Music Reviews

Godflesh

Hymns

Koch / Music For Nations

This one is such a welcome and joyous relief to me. Hymns couldn’t have been a more apropos title – an ecstatic release under stern spires of black marble and granite. Or maybe just like welcoming an old friend home – I’d given up on Godflesh after the singularly monolithic and tear-jerking Pure. Afraid that they would never be able to follow up such a perfect record and that Justin Broadrick himself had become too absorbed in reinventing dance music is his own skeletal image with projects like Techno Animal. I was right that side projects kept him busy, but I was so fucking wrong about Godflesh being relegated to the status of memory. Hymns sees Broadrick and bassist G.C. Green back in force, leaner and more rhythmic/addictive than ever before. Lockstep Maoist marches combined with dub hell funk. Or is that fuck?
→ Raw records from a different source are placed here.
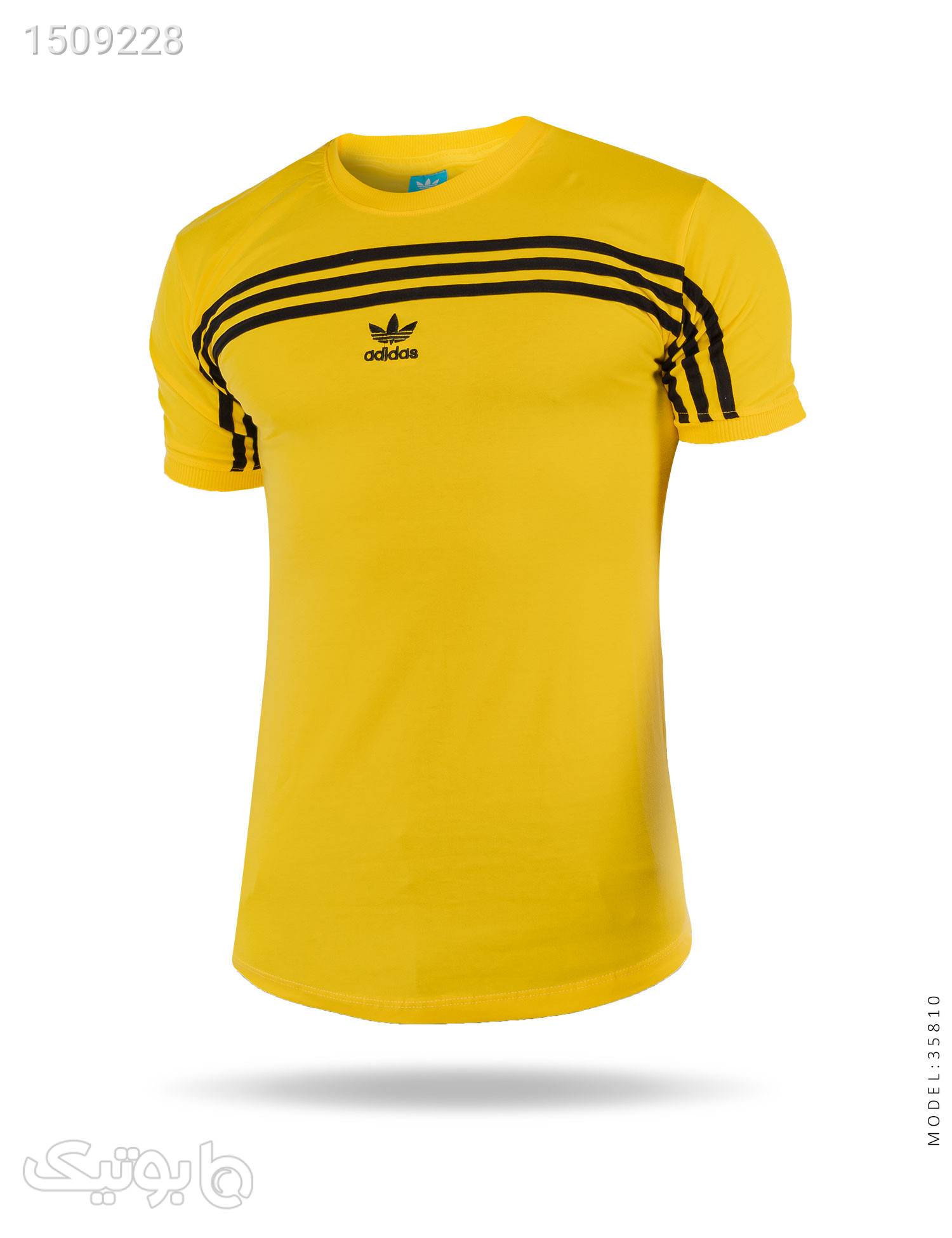 تیشرت یقه گرد مردانه Adidas مدل 35810 زرد تی شرت و پولو شرت مردانه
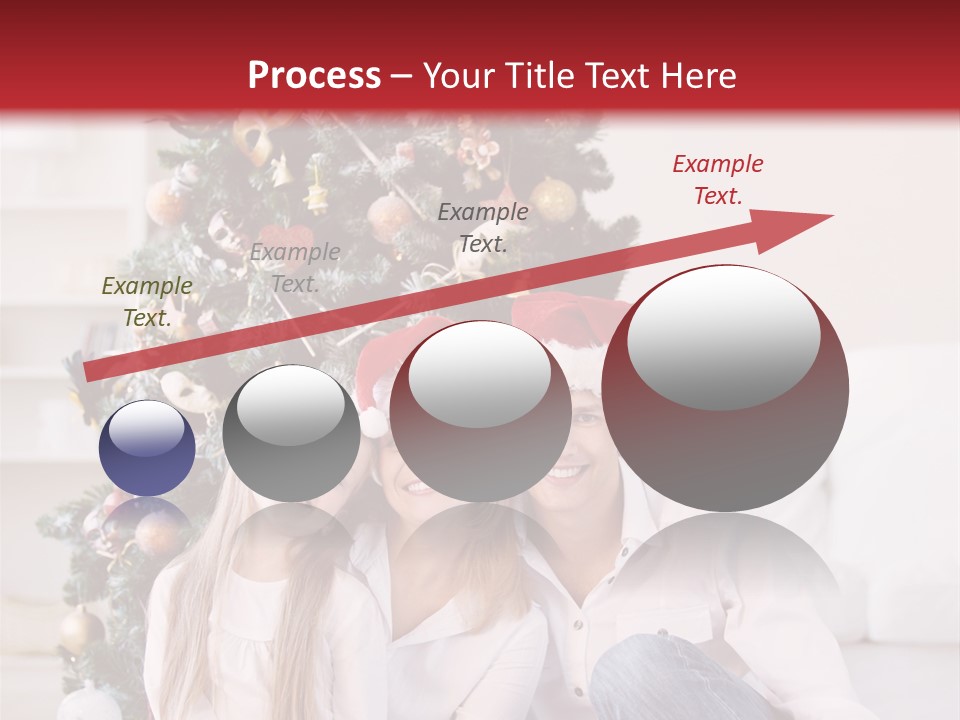 Gift Caucasian Indoors PowerPoint Template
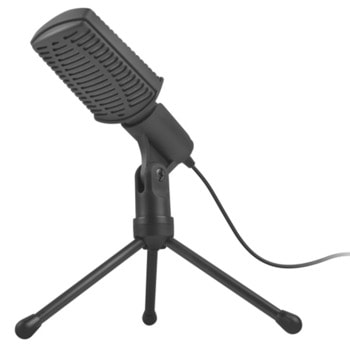 Микрофон Natec Asp, 3.5m жак, стойка, черен | JAR Computers Natec Asp NMI-1236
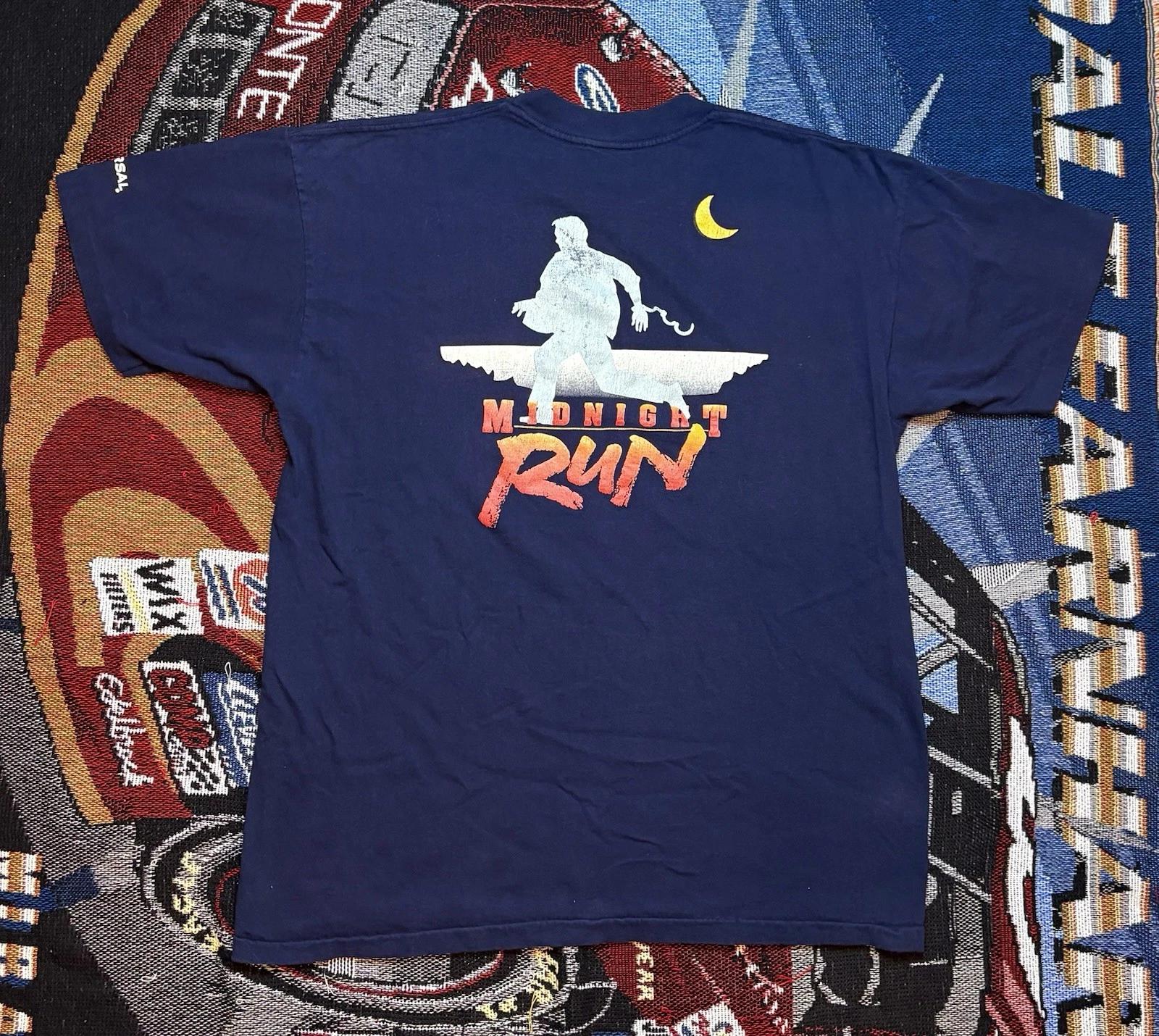 Vintage Midnight Run Shirt Movie Promo Action Pack TV Quadrilogy 90s XL S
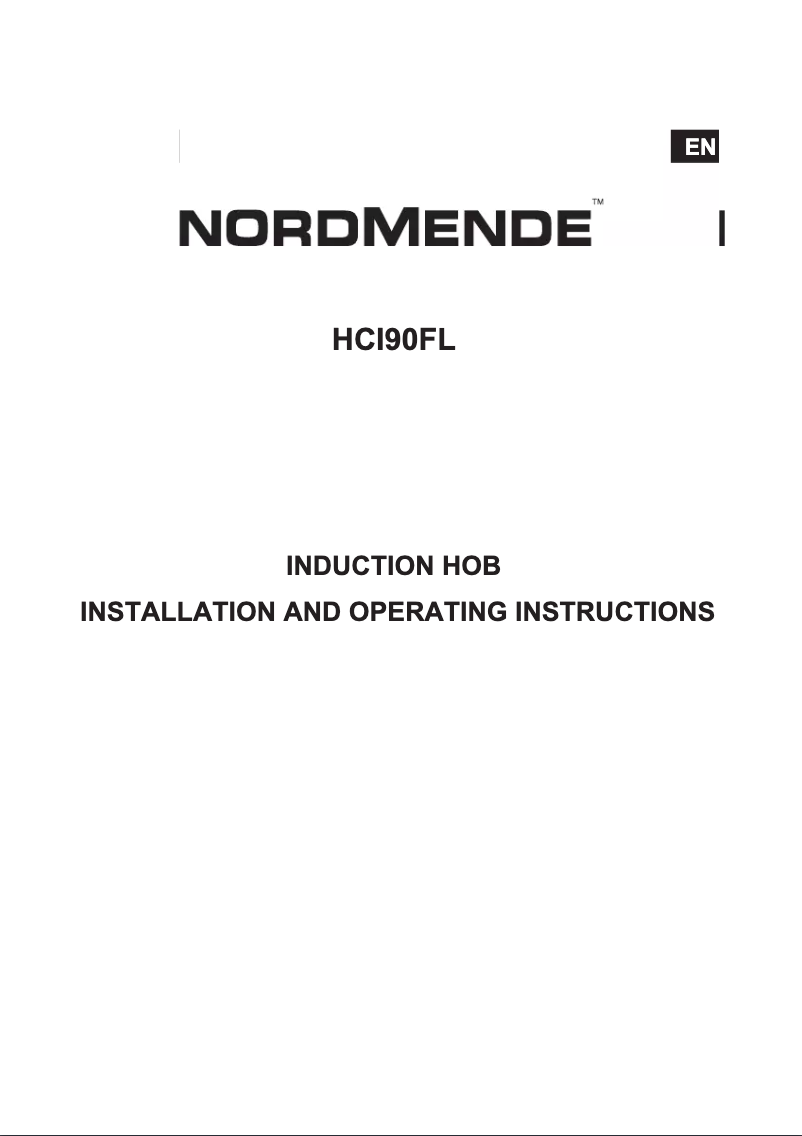 Page n°1 - Manuel utilisateur Nordmende HCI90FL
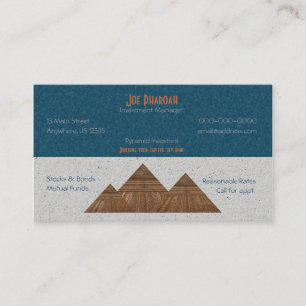 Egyptian Topaz Golden Pyramid Abstract Art Business Card
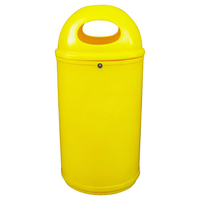 Classic Litter Bin - 90 Litre - Yellow (10-14 working days) - Galvanised Steel Liner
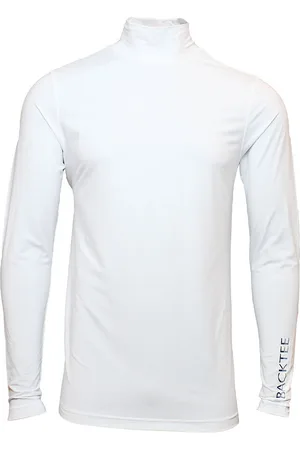 Backtee Mens First Skin Turtle Neck White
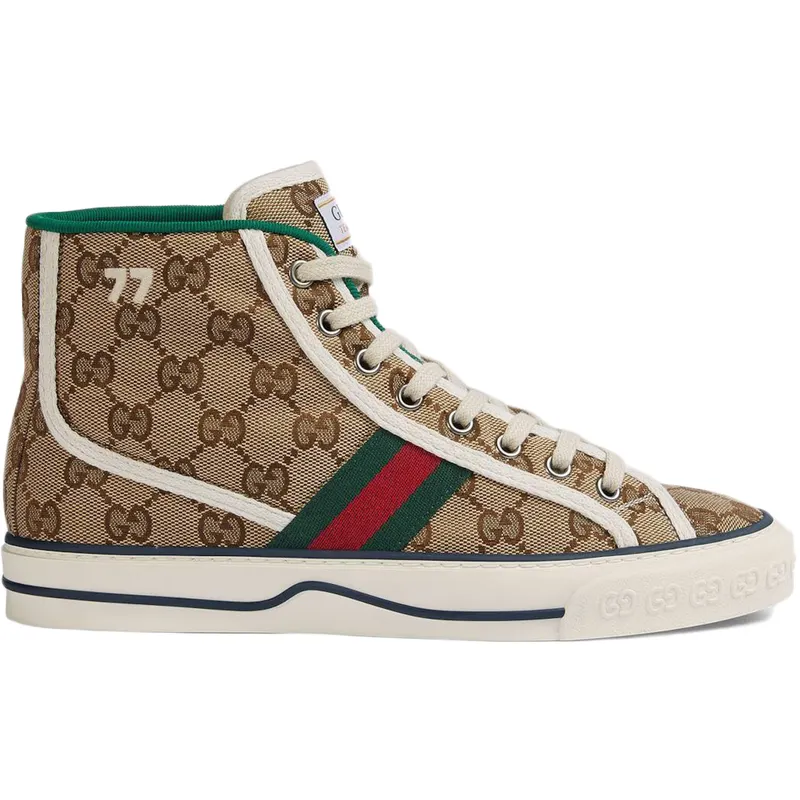 Gucci Tennis 1977 High Top GG (Women’s) (627838 HVK70 9765)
I think some of this rejuvenation is down to the very welcome addition of ex-Prong/Swans percussionist Ted Parsons to the fold. Great to see him back in heavy music, and adding his minimal killer cyborg beats to the mix. The sound is tighter now, like hands around a throat, focused, so hateful and rough – nothing is wasted and no life is spared as the machines rush on, pumping out dire doomsday slogans. It’s the tensile precision of Green and Broadrick combined with Parson’s heart of darkness drums that really give the Godflesh sound a needle of adrenaline in the heart that it needed. A dirty needle, of course.

Godflesh 2001 sound totally bastard powerful and relevant again, just like the experimental dancehall days of Slavestate. A shotgun in the mouth of the zeitgeist. Nowhere more so than on monstrous drone waves of sound like “Anthem,” building up stern towers of long chord repetitions with no hope for relief. I always loved that about Godflesh, how they’d burrow deep within a riff, prodding and exploring, learning every facet and coloration hidden under the skin. And they’d lay it bare. Vocals are hoarsely shouted and roared in impatient tones, or in damaged angelic singsongs. Green’s bass underpins the sound, mimics Broadrick’s guitar lines like a particularly deliberate stalker. Hymns is so fucking powerful. A fever dream Swans meets smoked-out dub aesthetic, nestled uncomfortably against a dose of Prong’s amphetamine-popping broken funk.

Sorry gang, the copy I got sent was badly cracked, so I couldn’t get past track nine without being trapped in an eternal noise loop. Appropriate, though difficult to review. Fellow Godheads that I pestered into buying this assured me that every single track is incredible and essential for continued life and happiness. Who am I to argue?